Acompañando a Eguchi nos encontramos con la materia de que está hecha esa sexualidad: de carne, de olores, de recuerdos, de fantasías, de furores. Pero señores, ¡qué coincidencia!, ¿no es acaso la misma materia con que se teje toda la sexualidad? El caso de las jóvenes durmientes es un ejemplo privilegiado, porque representa al objeto en su entrega absoluta y sin embargo inalcanzable, porque de ese objeto lo que está ausente es el deseo y a él apunta nuestro deseo.

Hablar de la sexualidad en la vejez no deja de tener ciertos problemas. ¿Qué categoría es ésta?, ¿la del carnet de identidad o la del Insen?3 La vejez es esa categoría evanescente que tiene por característica el hecho de que nunca nos incluye, es la categoría de la que somos excepción. Viejos son siempre los otros y el límite se va corriendo a medida que los años nos atrapan.
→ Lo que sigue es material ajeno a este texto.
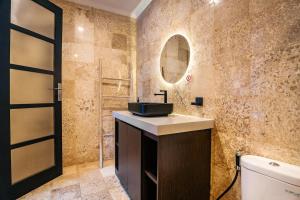 Central Cozy Villa 3BR 5min walk to shops, beach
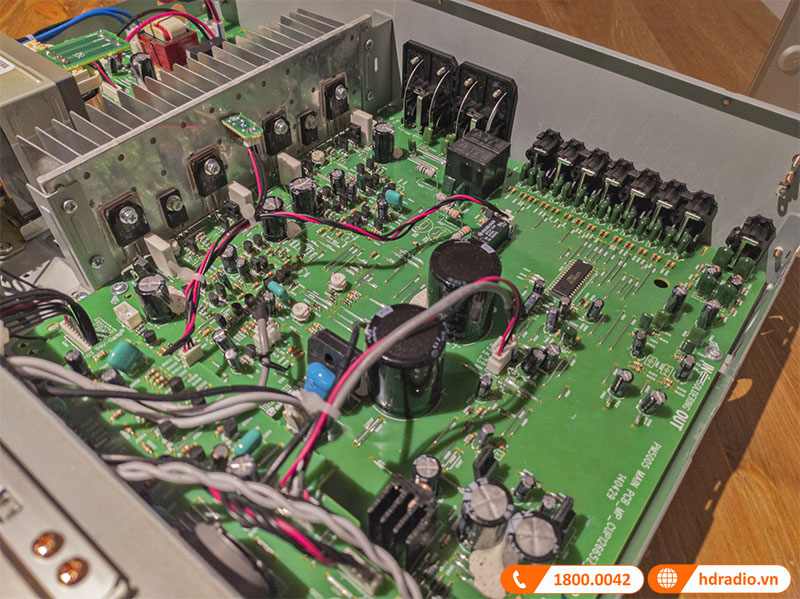 sử dụng linh kiện, bo mạch cao cấp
Comenzamos con un recuerdo equivocado, para seguir con una reseña de un libro consagrado a la sexualidad de los viejos, lo que nos llevó a encontrar que su materia no es diferente de la de toda sexualidad y para concluir que ni siquiera sabemos lo que es la vejez. Esto se parece al cuento del caldero tan mencionado por Freud.

Quizá la respuesta la tengamos en un recuerdo de Eguchi relatado en el libro reseñado, durante una visita al templo de las camelias en Kioto: “Dicen que las camelias traen mala suerte porque las flores se caen enteras del tallo, como cabezas cortadas; pero los capullos dobles de este gran árbol, que tenía cuatrocientos años y florecía en cinco colores diferentes, caían de pétalo en pétalo. Por ello se llamaba la camelia ‘de pétalos caídos’.”4

La sexualidad, como la camelia, tiene muchos colores y sólo se la puede desflorar pétalo por pétalo, lágrima por lágrima.

Notas

1 Yasunari Kawabata, La casa de las bellas durmientes, Barcelona, Caralt, 1989. El autor recibió el Premio Nobel de Literatura en 1968.

2 Sigmund Freud, “Sobre la más generalizada degradación de la vida amorosa”, en Obras completas, t. XI, Buenos Aires, Amorrortu.

3 Instituto Nacional de la Senectud.

4 Kawabata, op. cit., p. 51.

* Frida Saal (Córdoba, Argentina, 1935-ciudad de México, 1998). Psicoanalista, docente de la UNAM por 25 años. Investigadora y fundadora del Centro de Investigación y Estudios Psicoanalíticos. Autora de numerosos artículos reunidos en el volumen Palabra de analista (México, Siglo XXI, 1998). Además publicó La bella (in)diferencia, coeditado con Marta Lamas (México, Siglo XXI, 1994). Éste fue el último artículo que escribió.